La risposta pubblica a queste proposte non fu incoraggiante. Nondimeno, si continuò ad incontrarsi periodicamente su questo argomento, fino a che ci fu, per l’appunto, un avvicendamento al vertice di gran parte delle nove Università. E il passaggio di consegne accentuò alcune differenze che già si erano riscontrate nel gruppo. Se da un lato, infatti, la cautela di alcuni si dichiarò in un vero scetticismo, dall’altra parte alcuni dei rettori di nuova nomina contribuirono fin da subito con grande concretezza a promuovere la realizzazione di quell’idea, costruendo una proposta.

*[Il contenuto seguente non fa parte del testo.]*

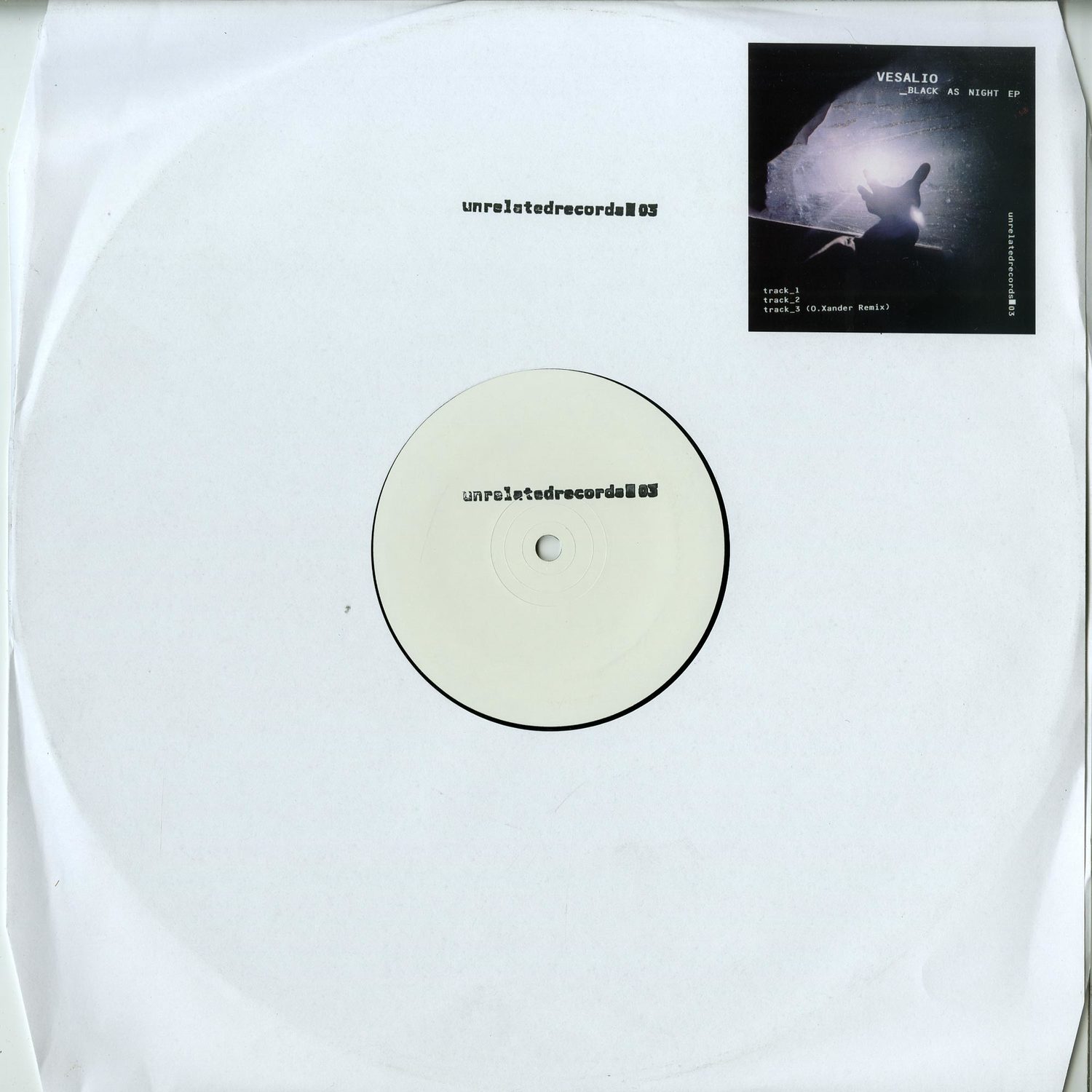 Vesalio - BLACK AS NIGHT EP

La riunione di Piazzola altro non è stato che l’appuntamento che ci si era dati per cominciare a “fare sul serio”. Così è stato. Chi sentiva il significato della iniziativa ha partecipato ad una intensa e fruttuosa riunione operativa che ha dato alla luce un progetto che sintetizzo nei seguenti punti qualificati:
- La creazione di una sorta di federazione tra gli Atenei del Veneto, catalizzata dalla afferenza politica ad una stessa amministrazione regionale, il cui ruolo diviene fondamentale nel contribuire al disegno complessivo di un sistema universitario regionale. Esso dovrà essere finalizzato non solo e non prioritariamente a razionalizzare le attività didattiche, indiscutibilmente ridondanti in alcuni settori, quanto a raggiungere attraverso il coordinamento, la collaborazione, la integrazione, un rafforzamento della qualità dell’offerta formativa ed ancor più della massa critica disponibile nella ricerca scientifica e nel trasferimento tecnologico. Per queste ragioni il collegamento strutturale con il governo regionale, con il mondo produttivo e culturale, sono elementi indispensabili.

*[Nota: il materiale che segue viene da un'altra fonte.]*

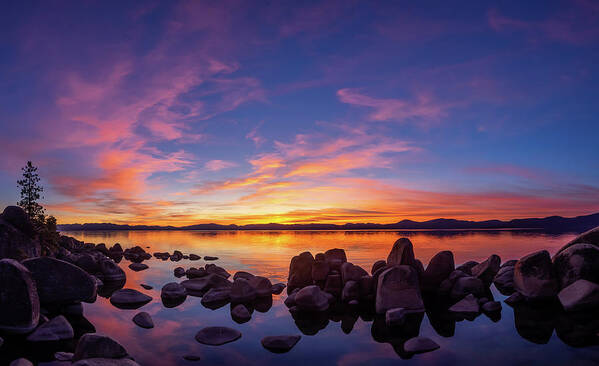 Lake Poster featuring the photograph Tahoe Sunset #6 by Martin Gollery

- Non vi è dubbio che il Nord Est, un tempo indicato con la più suggestiva definizione più suggestiva di Triveneto, è una realtà politico-sociale fortemente integrata da una secolare storia comune di cui ancor oggi si colgono gli effetti in una marcata somiglianza culturale, sociale, geo-politica, in tutto ciò compresa la tipologia e la qualità delle azioni universitarie. Vi sono molti indicatori che suggeriscono che un sistema universitario esteso a questa macroarea, il Nord est, appunto, rappresenterebbe un polo scientifico-culturale di eccellenza tale da poter competere con le più importanti realtà universitarie dell’Europa, costituendo un importante volano per lo sviluppo industriale e per l’attrazione culturale. Il secondo livello di proposta, pertanto, cui le Università di Trento e di Bolzano, pur nella loro specificità giuridica, si sono dimostrate sensibili ed interessate, è quello di dar vita ad un sistema universitario del nord est, che potrebbe nascere nella forma per così dire embrionale di una associazione all’interno della quale verrebbero studiate e prodotte iniziative di ampia dimensione.

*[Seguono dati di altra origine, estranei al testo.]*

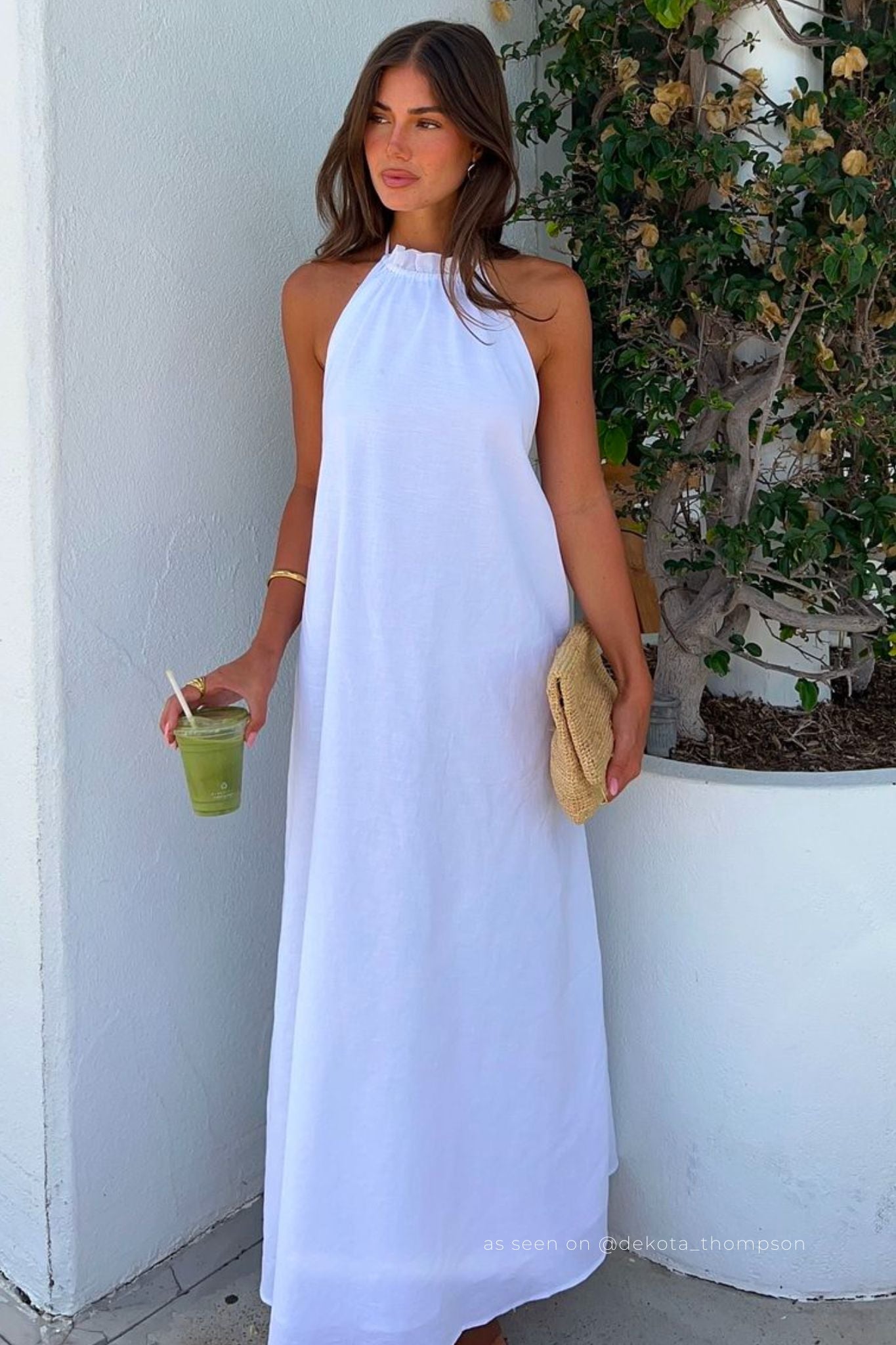 Image of Dresses. Productname: SNDYS ALYSSE MAXI DRESS in White colour by brand - SNDYS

Un’importante sottolineatura merita ancora d’essere annotata: queste iniziative vanno certamente nella direzione auspicata dal governo nel disegno di legge di riforma universitaria e certamente consentiranno di affrontare con maggiore solidità le attuali e le prossime restrizioni finanziarie.
Tuttavia, come già ricordato, l’idea nasce da lontano e si radica su ragioni positive, di miglioramento e d’integrazione con la collettività, di arricchimento del potenziale di ricerca scientifica e di innovazione che vuol dire attrazione di fondi internazionali, di intelletti, di studenti: in altre parole, di traino per la regione, per il Paese.